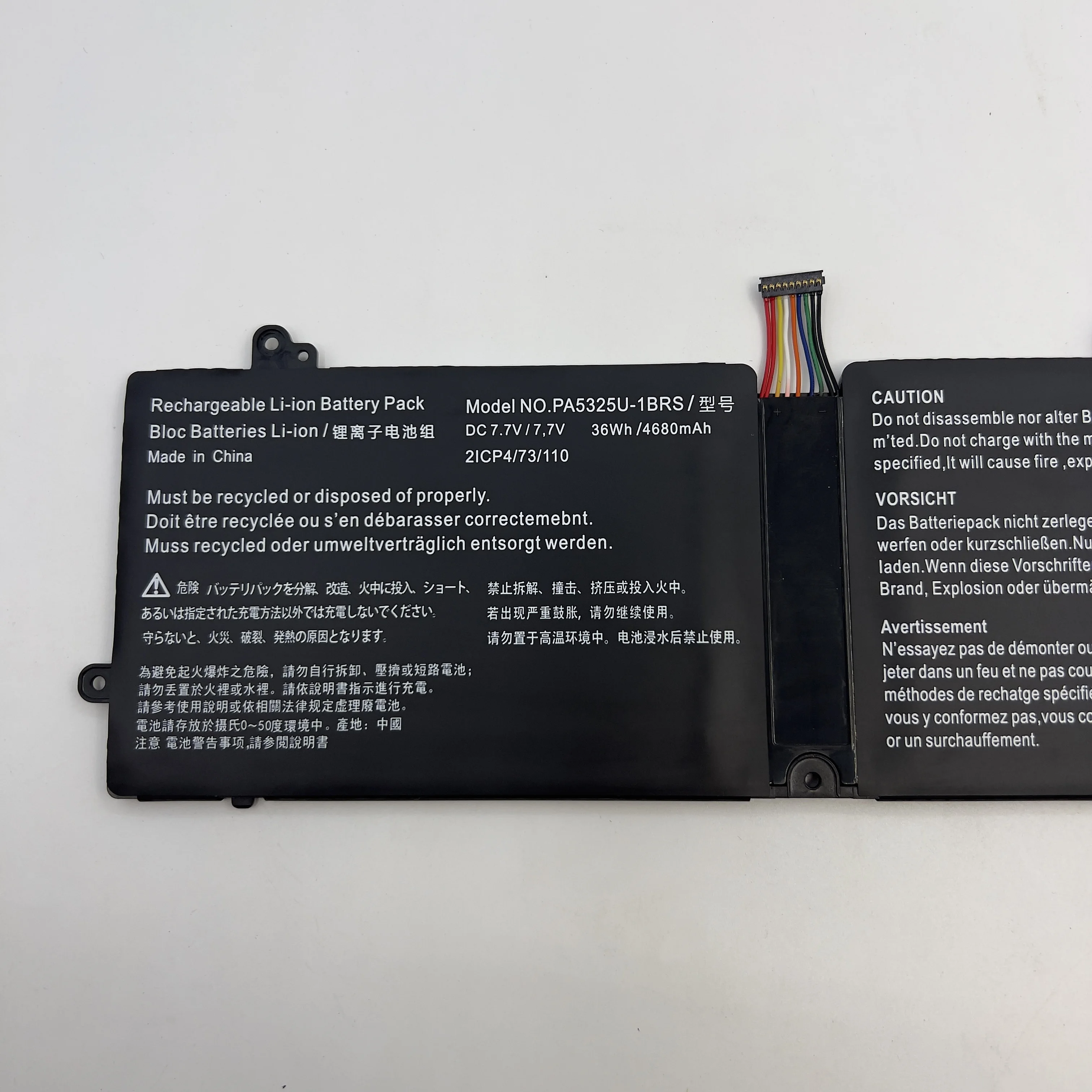 Фото Toshiba Port g X30T-E-113,Portege X30T-E-10Q,176,1DP,X30-T-E PA5325U-1BRS PA5325U PA5325 аккумулятор №5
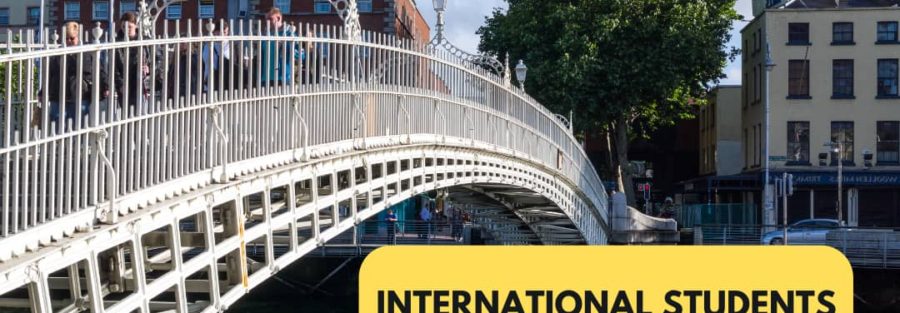 A picture from Negxy Concept Limited, a study abroad agency in Lagos, Nigeria that reads 'International students in Ireland'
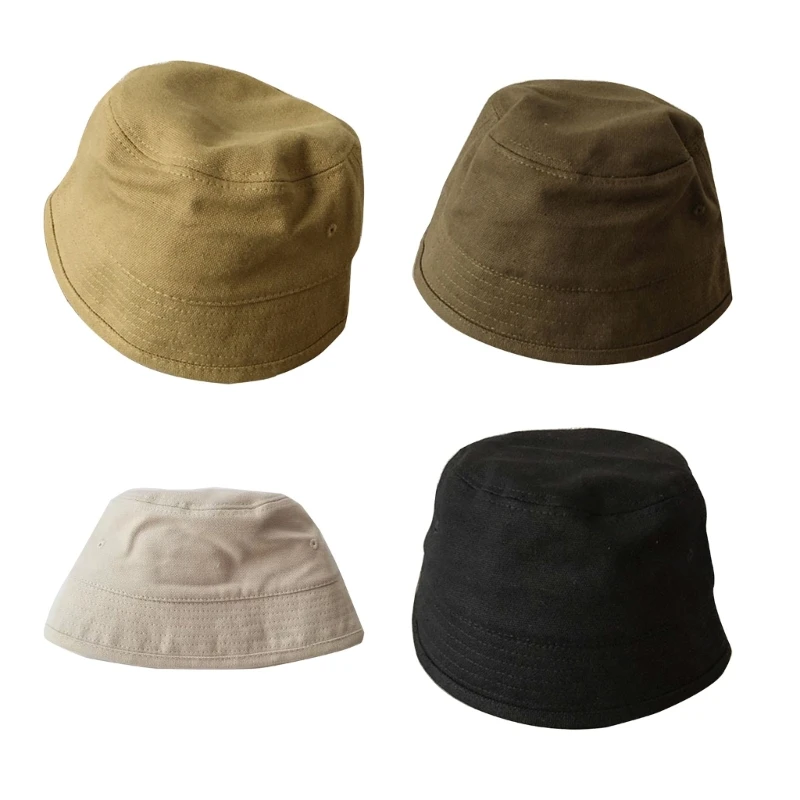 

Детская шляпа, Мягкая Панама, однотонная Детская шляпа для рыбалки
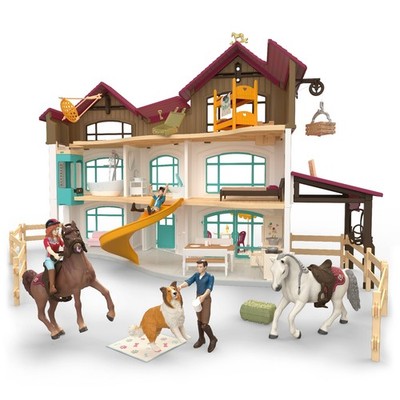 Schleich 42785 Villa am See und Koppelstall Spielset Horse Club Spielzeug Pferde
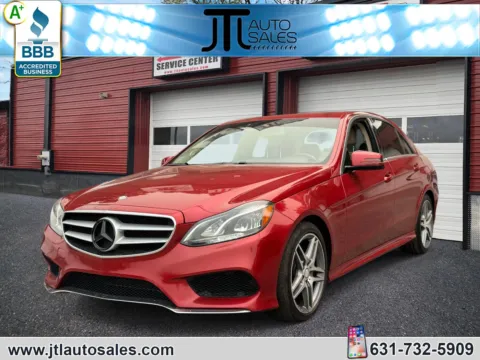 Red 2015 Mercedes-Benz E-Class E350 4MATIC Luxury Sedan for sale in Selden, NY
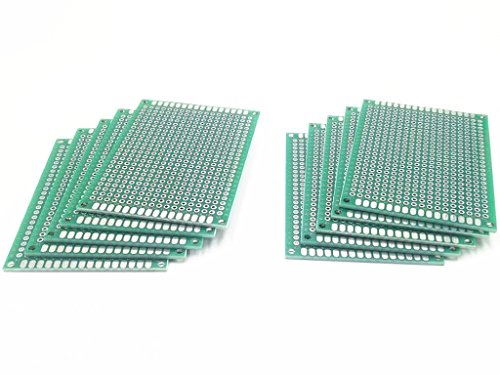Dual Side Solderable Prototype Universal PCB Circuit Board (5cm x 7cm)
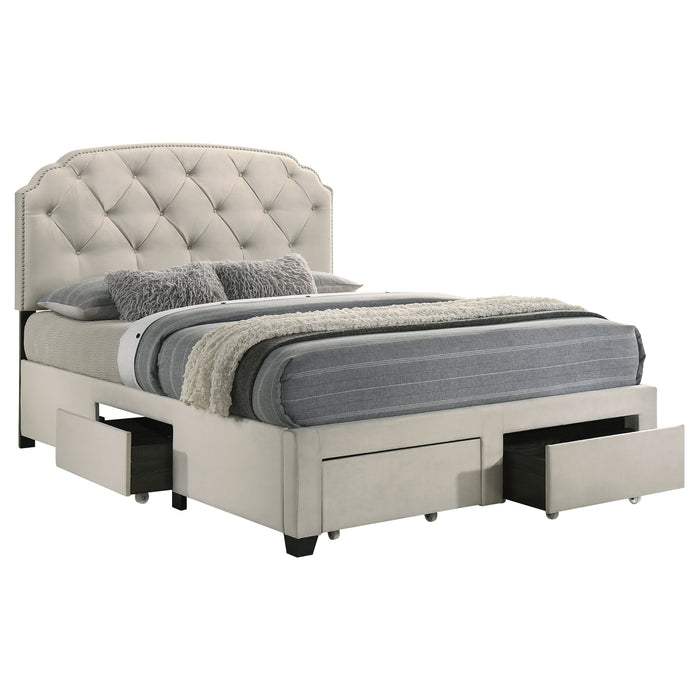 Marianna Panel Platform Storage Bed - All Brands Furniture (NJ)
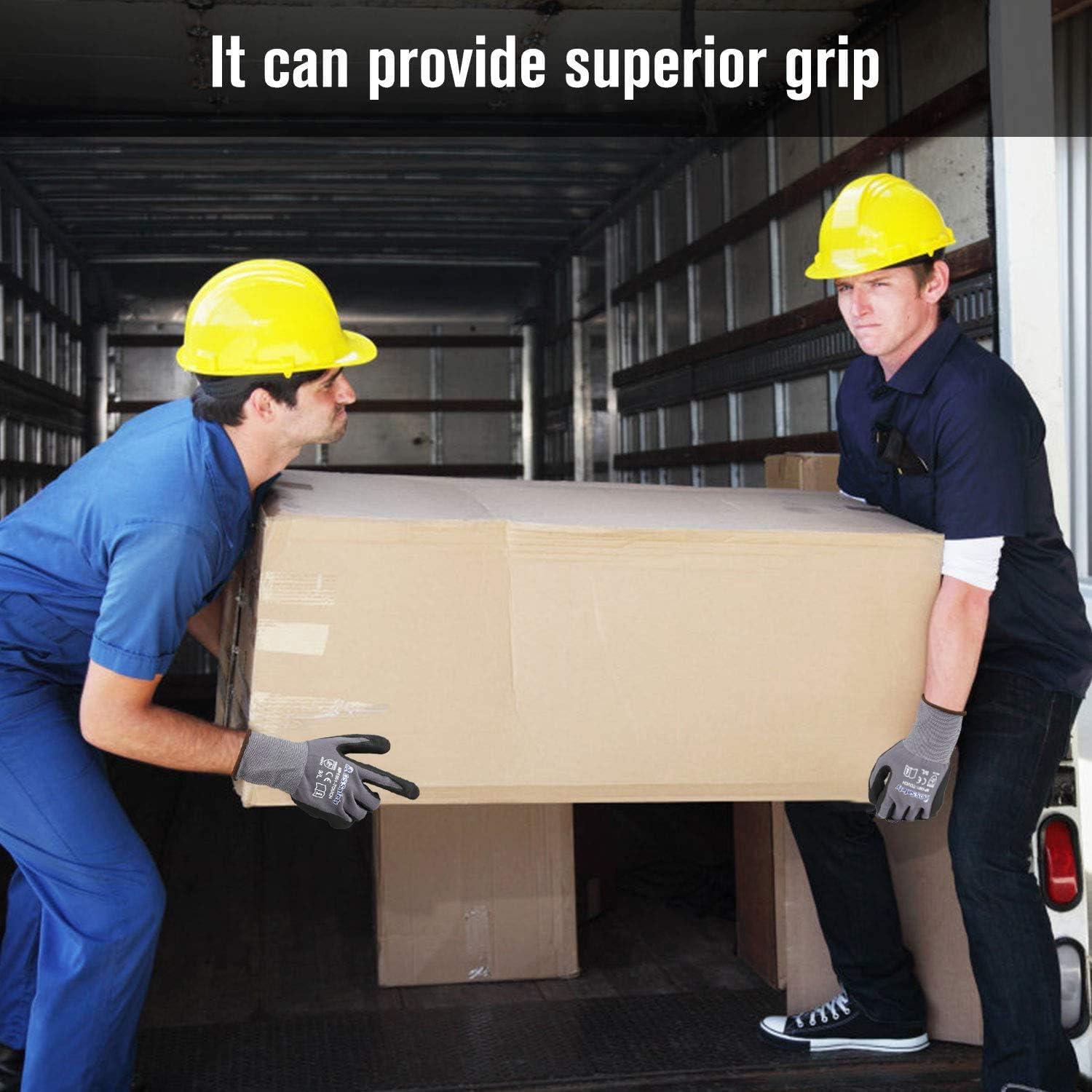 Guantes de Trabajo NP1001 Dalian Ajuste Cómodo Grip 3 Pares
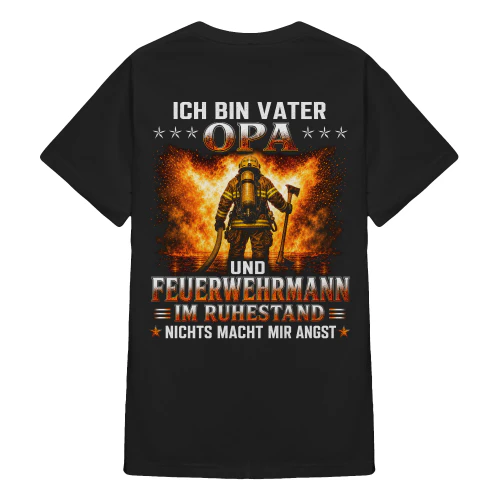 Dad Grandpa Firefighter V2 Ger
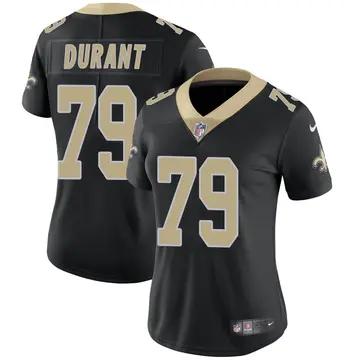 Nike Yasir Durant Women's Limited New Orleans Saints Black Team Color Vapor Untouchable Jersey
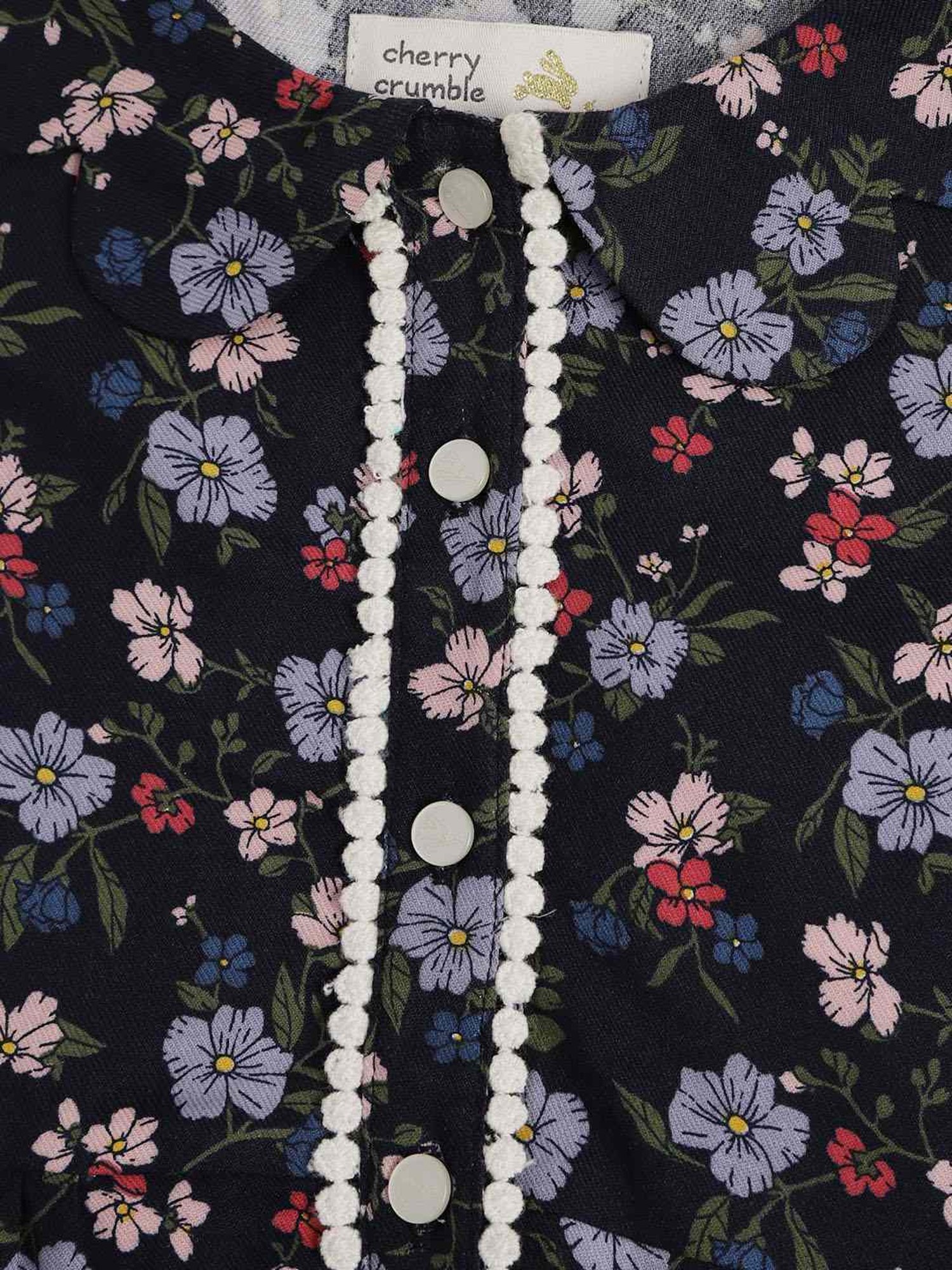 Berrytree Organic Girls Blue Cotton Clouds Print Night Suits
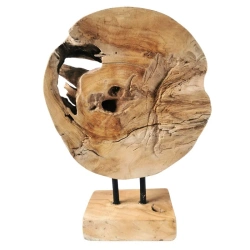 Rzeźba z drewna teak, drewno tekowe, dekoracja z Indonezji 40 cm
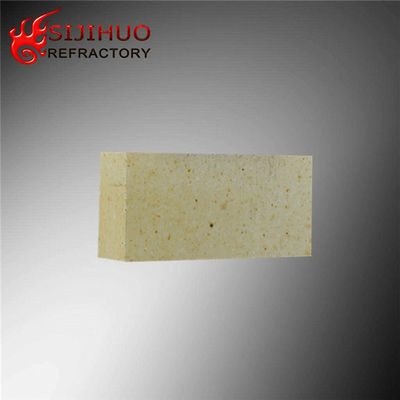 Contenido de SiO2 % 50%-65% Resistencia al alcalino ladrillo de aluminio amarillo para horno rotativo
----------
* **PROMPT**:
Copy each entry above exactly; drop the pictures.

* **OUTPUT OF THE TASK**:
 Фото Toshiba Port g X30T-E-113,Portege X30T-E-10Q,176,1DP,X30-T-E PA5325U-1BRS PA5325U PA5325 аккумулятор №5
 A picture from Negxy Concept Limited, a study abroad agency in Lagos, Nigeria that reads 'International students in Ireland'

Детская шляпа, Мягкая Панама, однотонная Детская шляпа для рыбалки
 Schleich 42785 Villa am See und Koppelstall Spielset Horse Club Spielzeug Pferde
 Red 2015 Mercedes-Benz E-Class E350 4MATIC Luxury Sedan for sale in Selden, NY
Dual Side Solderable Prototype Universal PCB Circuit Board (5cm x 7cm)
 Marianna Panel Platform Storage Bed - All Brands Furniture (NJ)
 Guantes de Trabajo NP1001 Dalian Ajuste Cómodo Grip 3 Pares
 Dad Grandpa Firefighter V2 Ger
 Nike Yasir Durant Women's Limited New Orleans Saints Black Team Color Vapor Untouchable Jersey
 Berrytree Organic Girls Blue Cotton Clouds Print Night Suits
 Rzeźba z drewna teak, drewno tekowe, dekoracja z Indonezji 40 cm
 Contenido de SiO2 % 50%-65% Resistencia al alcalino ladrillo de aluminio amarillo para horno rotativo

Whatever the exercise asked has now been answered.